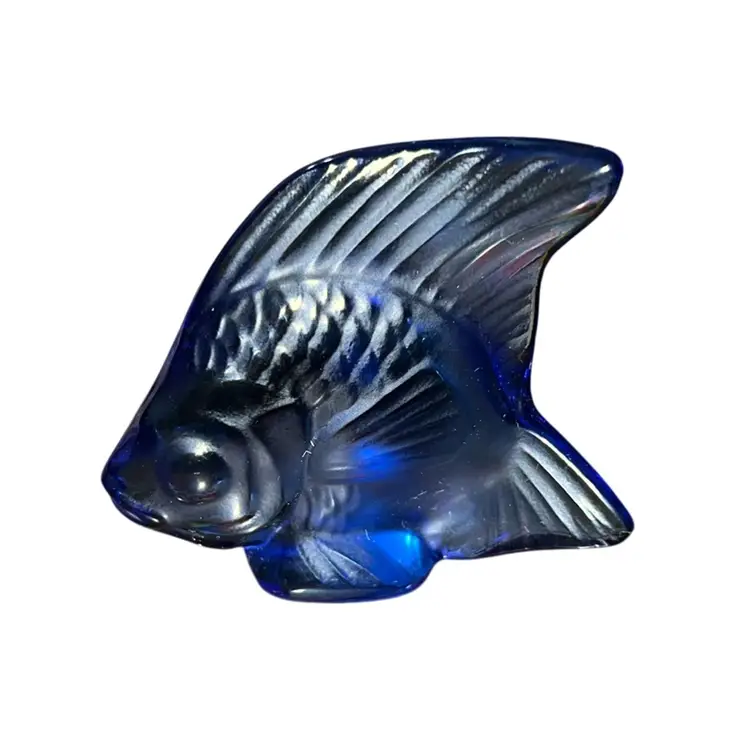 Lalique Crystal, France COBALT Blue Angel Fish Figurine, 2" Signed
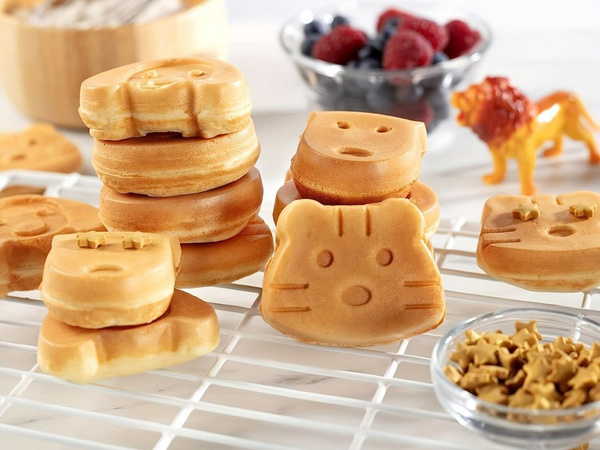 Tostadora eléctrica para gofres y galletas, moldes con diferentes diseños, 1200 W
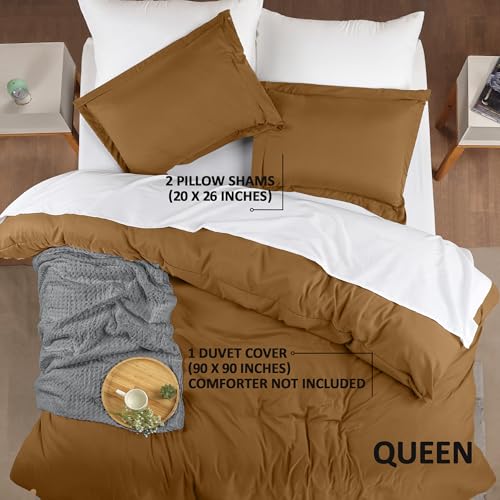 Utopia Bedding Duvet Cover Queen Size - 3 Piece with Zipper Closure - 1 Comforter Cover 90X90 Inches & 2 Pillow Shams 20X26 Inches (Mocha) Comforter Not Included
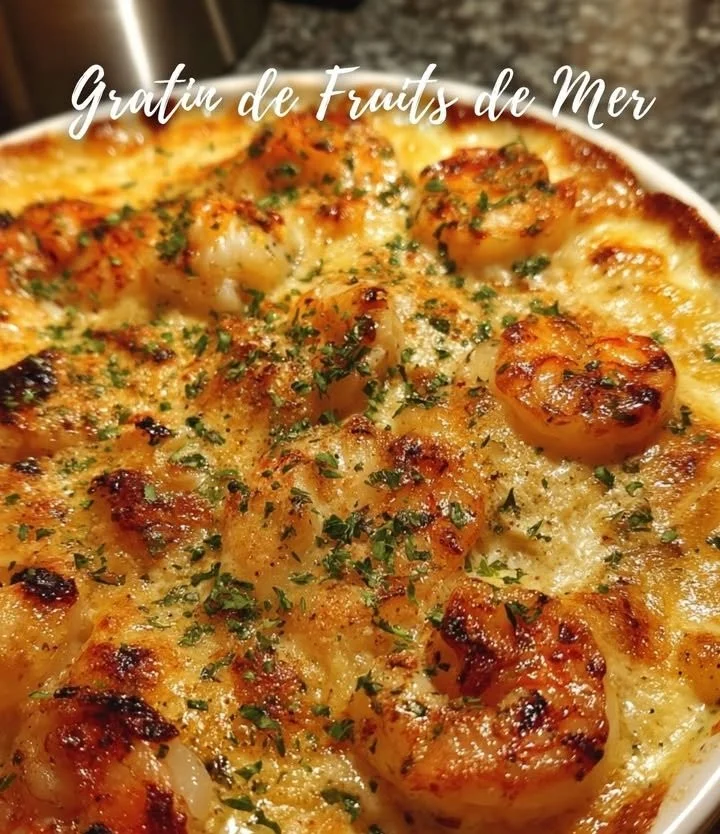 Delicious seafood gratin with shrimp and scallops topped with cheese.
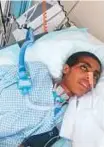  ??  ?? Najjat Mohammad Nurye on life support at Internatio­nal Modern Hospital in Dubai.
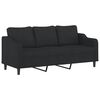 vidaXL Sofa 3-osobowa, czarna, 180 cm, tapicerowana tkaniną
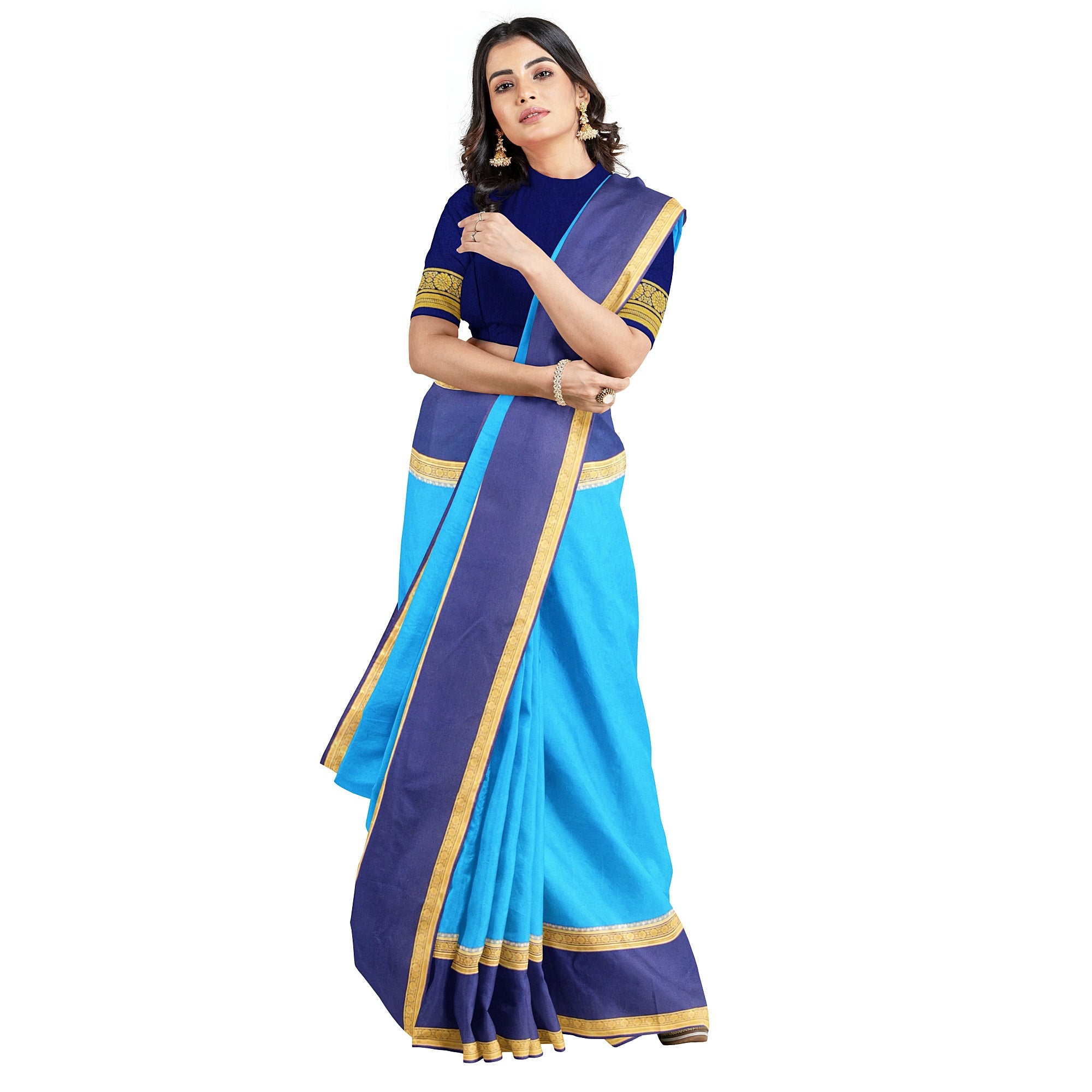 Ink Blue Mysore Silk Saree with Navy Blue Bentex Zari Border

== WORK ITEM ==
Each line from the start of the listing above through the line with "Tostadora eléctrica para" is what to output, exactly as written and without pictures.

== REPLY TO THE TASK ==
 Lalique Crystal, France COBALT Blue Angel Fish Figurine, 2" Signed
 Tostadora eléctrica para gofres y galletas, moldes con diferentes diseños, 1200 W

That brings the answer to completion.